Context
When performing filter operations it's generally best to push the filter as far upstream as possible to get good performance; e.g. if I were using PowerShell to get all files from a directory Get-ChildItem 'c:\temp\' -Filter '*.txt'
would be preferable to Get-ChildItem 'c:\temp\' | Where-Object {$_.Name -like '*.txt'}
.
However, in some situations the upstream component doesn't give us an option to push things upstream; e.g. if we wanted to find any image file we'd either have to make multiple calls to Get-ChildItem
passing different values to Filter
for each type, but resulting in traversing the directory multiple times and potentially returning the same files (if they match multiple filters); or we have to perform the filtering downstream.
If I were searching for image files (for this specifc example, lets say that's: '*.png', '*.gif', '*.jpg', '*.jpeg'
) one approach may be to send '*.*g*'
as the filter to the provider, so we elimiate a lot of candidates early on, then filter for the specific extensions we're interested in downstream.
Question
Is there a known method for extracting a "like pattern/mask" which represents the partial implementation of a regex?

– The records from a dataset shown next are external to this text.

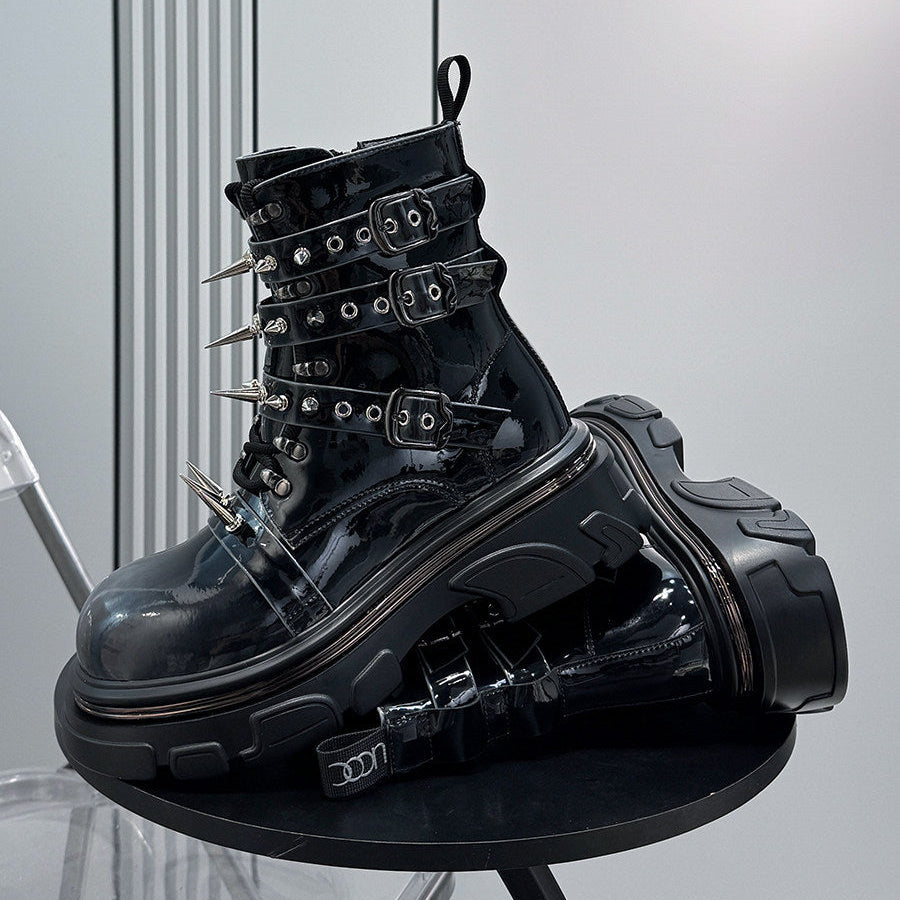 Patent Strap Buckle Spike Platform Boots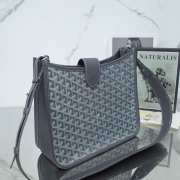 Uubags Goyard Green Canvas Musette PM Bag In Grey 28x10x22cm - 4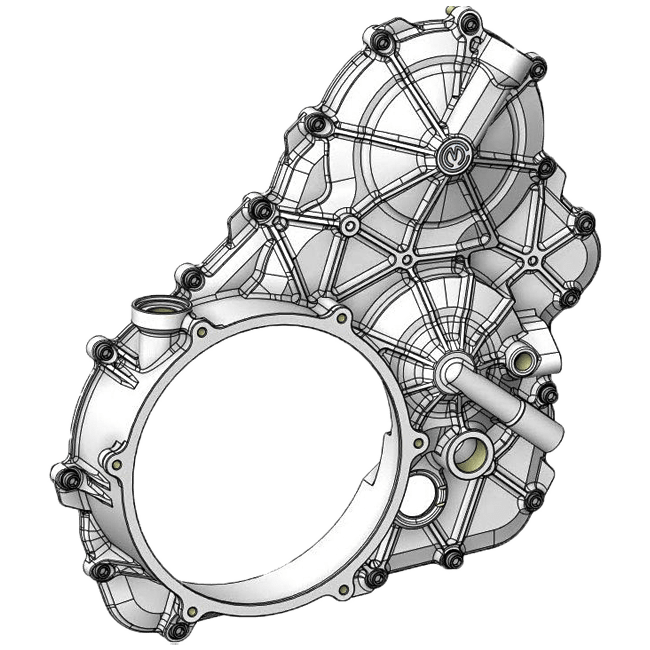 Aluminium-Motorgehäuse rechts mit Titanschrauben Motocorse Ducati Panigale V4/S (25-26)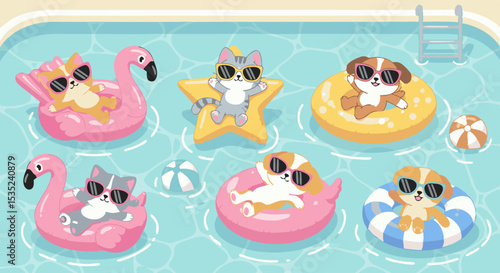 Cartoon Cats and Dogs Relaxing on Floats in a Swimming Pool.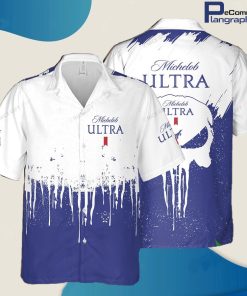 michelob ultra white and blue splash hawaiian shirt h9sjnn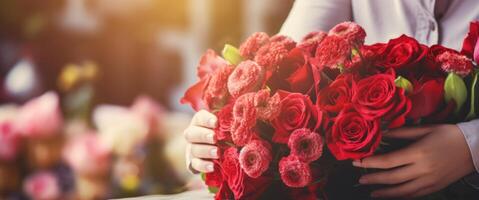 ai genererad kvinna händer göra skön bukett av röd ro i blommig affär. blomsterhandlare arbetsplats. baner med kopia Plats. idealisk för valentines dag kampanjer, blomma affär annonser, romantisk foto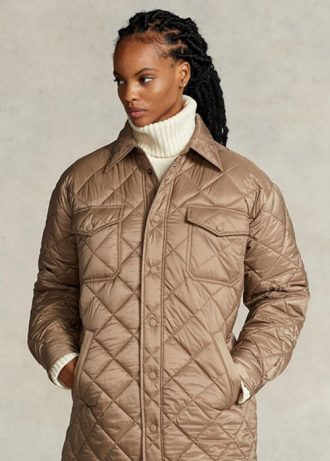Ruskeat naisten Ralph Lauren Oversize vettä hylkivät tikatut takit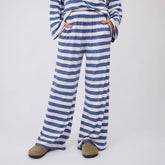 Slip On Jersey Trouser, Royal/White Stripe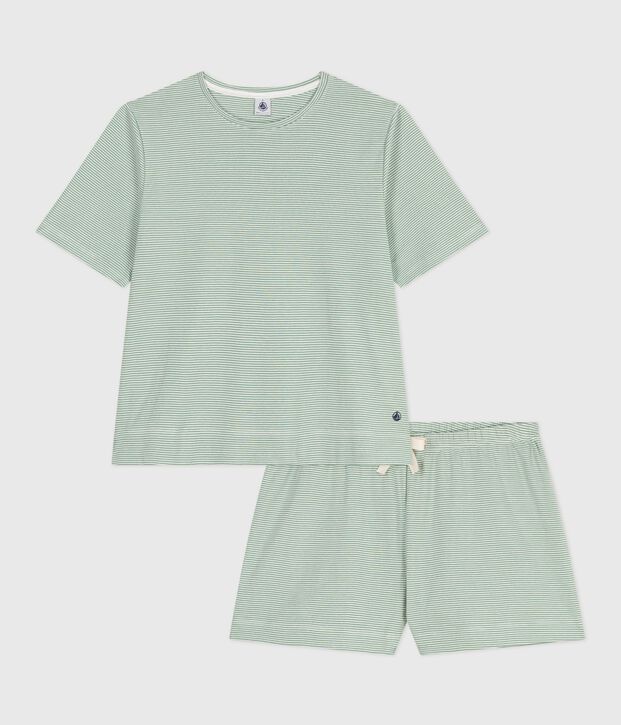 Pyjama short femme en coton &agrave; rayures vert/blanc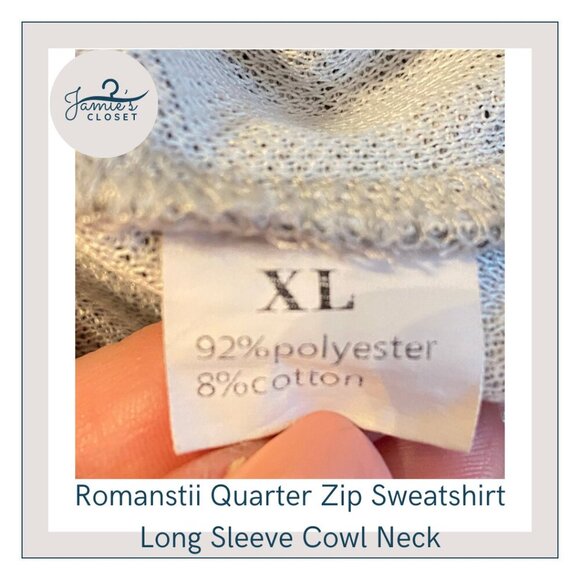 Heather Gray Romanstii Quarter Zip Cowl Neck Sweatshirt | Size XL - Picture 9 of 14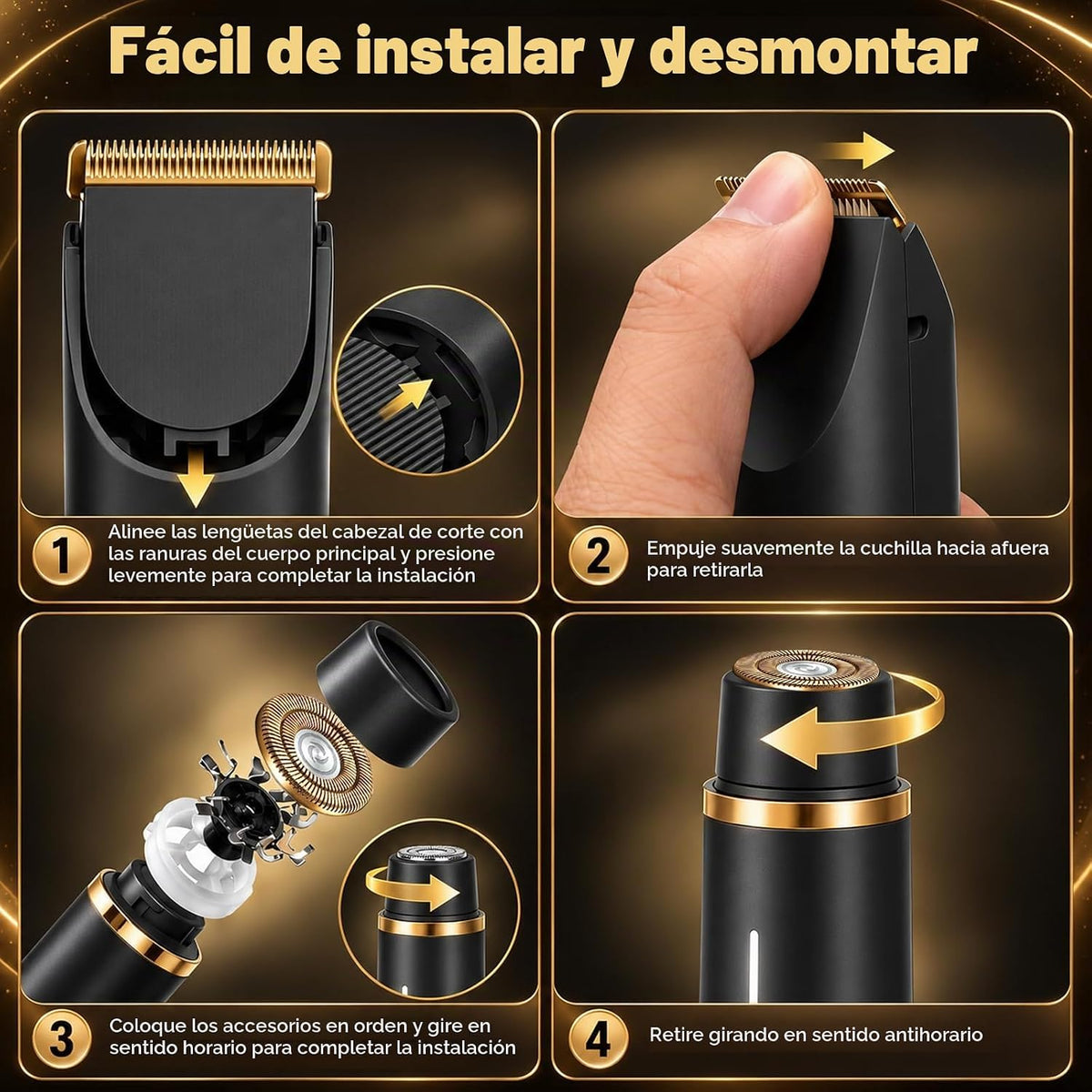 Afeitadora eléctrica impermeable 2 en 1 para mujer, color negro | D...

e.g. so I could implement something like this:
Function Get-ImageFiles {
Param(
[Parameter(Mandatory)]
[string]$LiteralPath
,
[Parameter()]
[string]$Pattern = '\.(?:png|gif|jpg|jpeg)$'
)
$simpleMask = ConvertTo-SimpleMask -RegexPattern $Pattern
[System.IO.Directory]::EnumerateFiles($LiteralPath, $simpleMask) |
Select-String -Pattern $Pattern -Raw
}
# for '\.(?:png|gif|jpg|jpeg)$' simpleMask would be '*.*g*'
# for '\.(?:jpg|jpeg)$' simpleMask would be '*.jp*g'
# for '\.(?:png|gif|jpg|jpeg|webp)$' simpleMask would be '*.*'
Note: In this question I've used PowerShell for my example code; but I'm interested in any solution to this "regex to simple filter" problem. This is more a question of curiosity than specific to the above example use case.